According to the Nutrition Coalition, “As of 2018, more than 42% of adults in America were obese, compared to less than 18% in 1980 when the Guidelines were launched.”

It appears that the DGA is more of the same tired rhetoric that we are used to seeing, but it is unfortunate that these guidelines continue to fail and provide a disservice for the growing number of sick, obese and depressed Americans.

And what makes the DGA particularly tone deaf this year is the fact that our nation and the world is facing a global health crisis. We have been told we must social distance, wear masks, quarantine, vaccinate and "do our part" to slow the spread.

However, I have yet to hear talking heads out of Washington, D.C. encourage us to eat healthfully, drink plenty of water, exercise routinely, breathe fresh air, enjoy sunshine each day, take supplements to boost immunity and get a full night’s sleep.
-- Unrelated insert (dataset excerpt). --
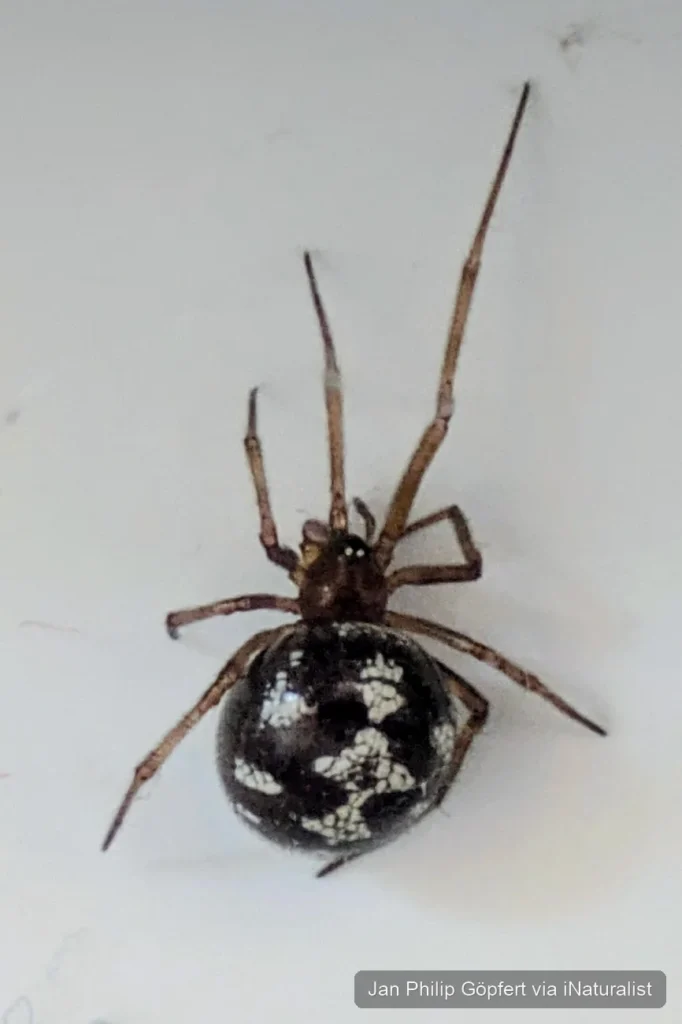 triangulate-combfoot_steatoda-triangulosa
That advice has been notably absent during this global pandemic, albeit with one exception — First Lady Melania Trump.

In a statement following her own COVID-19 experience, the First Lady shared, “I was very fortunate as my diagnosis came with minimal symptoms, though they hit me all at once and it seemed to be a roller coaster of symptoms in the days after. I experienced body aches, a cough and headaches, and felt extremely tired most of the time. I chose to go a more natural route in terms of medicine, opting more for vitamins and healthy food.

“I encourage everyone to continue to live the healthiest life they can. A balanced diet, fresh air, and vitamins really are vital to keep our bodies healthy. For your complete well-being, compassion and humility are just as important in keeping our minds strong. For me personally, the most impactful part of my recovery was the opportunity to reflect on many things—family, friendships, my work, and staying true to who you are.”

Perhaps the DGAs work for some, but based on the growing number of sick and obese Americans who are now facing extreme illness or death should they contract COVID-19, perhaps it’s time to get back to the basics and encourage all Americans to practice a healthful diet and lifestyle that will help them boost their immune systems to fight disease and illness.

For me, that regimen includes plenty of time spent outside enjoying the fresh air on the ranch and a diet that is rich in animal fats and proteins, including ribeye steaks and hamburgers, saturated fats included!

The opinions of Amanda Radke are not necessarily those of beefmagazine.com or Farm Progress.